Fixing bugs via lateral thinking

For today’s blog I would like to share with you the little adventure I had when fixing a very strange bug in Qt.

Pop quiz

Don’t think about this too much, just guess: what does this QML snippet print?

import QtQuick 2.0

QtObject {
    Component.onCompleted: {
        console.log("240000000000" == "3776798720");
    }
}

There are no JavaScript semantic tricks involved; and using either == or === does not change the result in any way.

Did you get it?

Pop quiz (2)

Here’s another one, this time in pure C++: what does this print?

     QJSEngine engine;
     QJSValue value("foo");

     QJSValue obj = engine.newObject();
     obj.setProperty("240000000000", value);

     QJSValueIterator it(obj);
     while (it.hasNext()) {
         it.next();
         qDebug() << it.name() << it.value().toString();
     }

Right now you should be suspicious of that strange value…

Ready for it?

Solution

In Qt 5.6.2 and Qt 5.7.0 the QML test prints "true"! According to QML the two strings "240000000000" and "3776798720" are totally identical.

Moreover, the C++ test prints "3776798720" "foo", not "240000000000" "foo" as one could’ve imagined.

So, what is going on? Who told me to use JavaScript again?

The bug

This bug against the JavaScript engine of QML (internally called V4) was reported on Qt’s bugtracker a few days ago, and quickly gained a lot of votes (probably because it was also cross-posted to Stack Overflow).

So, what do we have here? A very popular bug report, with no assigner set, and myself who has been wanting for a while to peek into the internals of the V4 JavaScript engine… well, let’s go!

Analysis

Where do you start looking around in a codebase you’re totally unfamiliar with? The first step I took was trying to understand what values made the engine misbehave. Note that the reporter was very clever at noticing something strange with the values:

240000000000 == 0x37E11D6000
3776798720   ==   0xE11D6000

By the way, “240000000000” isn’t the only value failing — “240000000001” misbehaves too (returning “3776798721”).

So maybe I needed to look for some bit pattern. “Maybe Qt is storing these strings as 64 bit integers, and using the top bits to store some additional metadata, and the integer gets corrupted somehow”, I thought.

Then I wondered: is any big number (represented as a string) problematic? No, “300000000000” works, and “200000000000” works too.

Maybe it’s a range somewhere between those two extremes?

With a very quick binary search (using Perl to generate and run QML testcases), in a few steps I was able to determine the exact range that make everything fail: any string between “238609294222” and “249108103166” inclusive. Values before and after those two worked perfectly. Do these numbers share some bit pattern?

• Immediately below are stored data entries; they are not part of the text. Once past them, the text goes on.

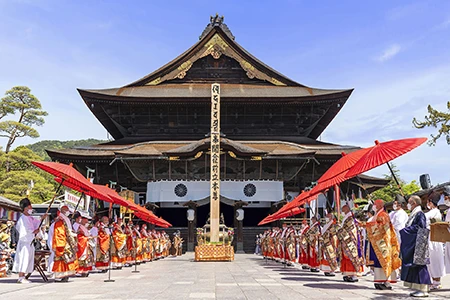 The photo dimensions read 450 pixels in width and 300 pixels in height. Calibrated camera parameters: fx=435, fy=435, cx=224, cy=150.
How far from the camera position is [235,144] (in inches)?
1024

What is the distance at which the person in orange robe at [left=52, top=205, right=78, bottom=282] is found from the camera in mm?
10172

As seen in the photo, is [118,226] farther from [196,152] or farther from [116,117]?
[116,117]

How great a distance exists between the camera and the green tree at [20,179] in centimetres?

238609294221 == 0x378E38E38D   // biggest working before the problematic range
238609294222 == 0x378E38E38E   // smallest not working
249108103166 == 0x39FFFFFFFE   // biggest not working
249108103166 == 0x39FFFFFFFF   // smallest working after the problematic range 

Uhm, I can’t spot any bit pattern in there that could cause this. Indeed, this turned out to be a complete red herring.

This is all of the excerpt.